US independent refiners get some breathing room, but long-term outlook bleak

Near-term prospects are turning around for the US independent refining sector. That?s the good news. The bad news is that, for the long term, this will still remain an especially tough business to make much money in. Accordingly, market and other, external pressures will increasingly propel US independent refiners into further consolidation?and even that won?t help things much.
Dec. 3, 1999
6 min read

Near-term prospects are turning around for the US independent refining sector.

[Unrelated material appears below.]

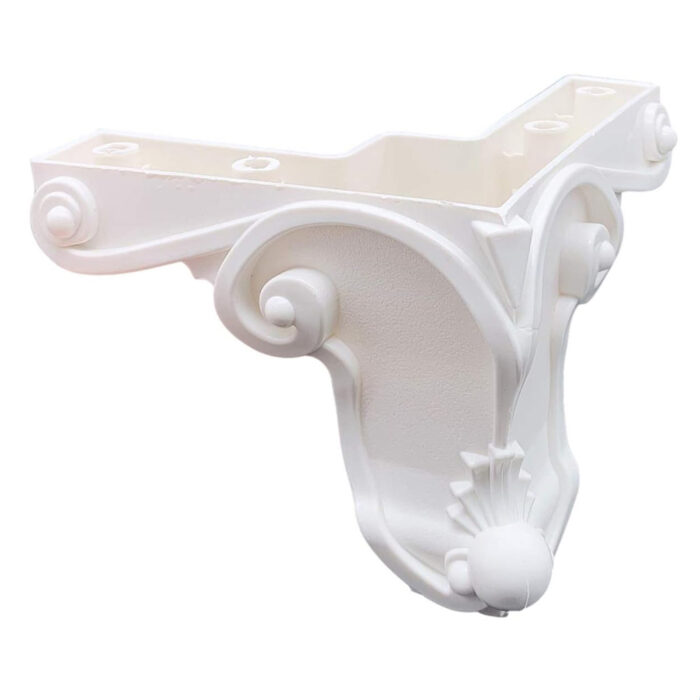 noga za namjestaj aslan BTH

That's the good news. The bad news is that, for the long term, this will still remain an especially tough business to make much money in. Accordingly, market and other, external pressures will increasingly propel US independent refiners into further consolidation-and even that won't help things much.

In a new credit risk rating analysis, Moody's Investor Service notes that US independent refiner-marketers continue to be plagued by high costs, excess capacity, intense competition, margin volatility, and cyclical peaks in refining margins that are of relatively short duration.

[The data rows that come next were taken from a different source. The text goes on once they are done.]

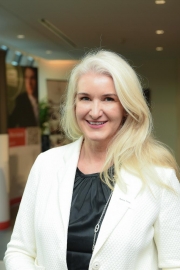 2019-wirtschaftsforum-duesseldorf-088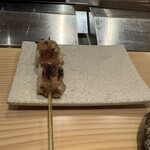 305969380 - ふりそで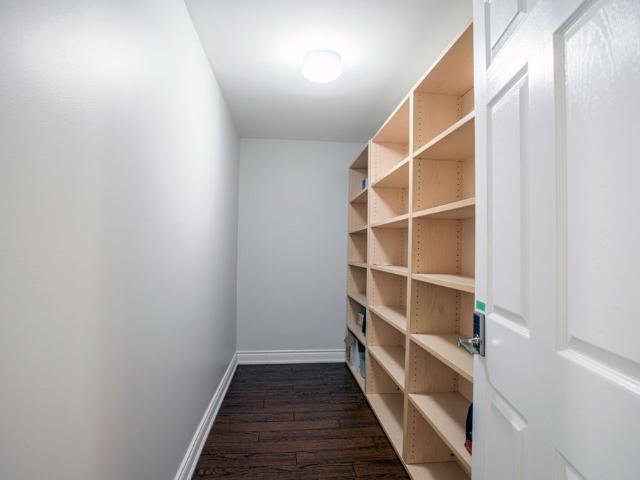 House for rent in York, Ontario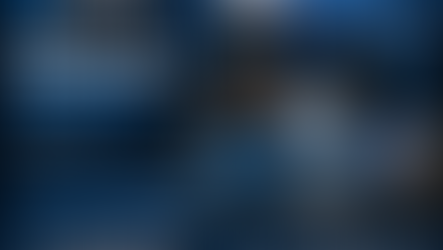 Built for Businesses That Need More Than Just Print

When these factors are combined with increasingly stringent environmental regulation, it is easy to see why the US independent downstream sector has experienced such poor returns on investment during the past decade.

"Looking ahead," said Moody's, "we believe independent refiners will continue to face the difficult challenge of improving returns while maintaining sufficient financial flexibility to weather cyclical troughs."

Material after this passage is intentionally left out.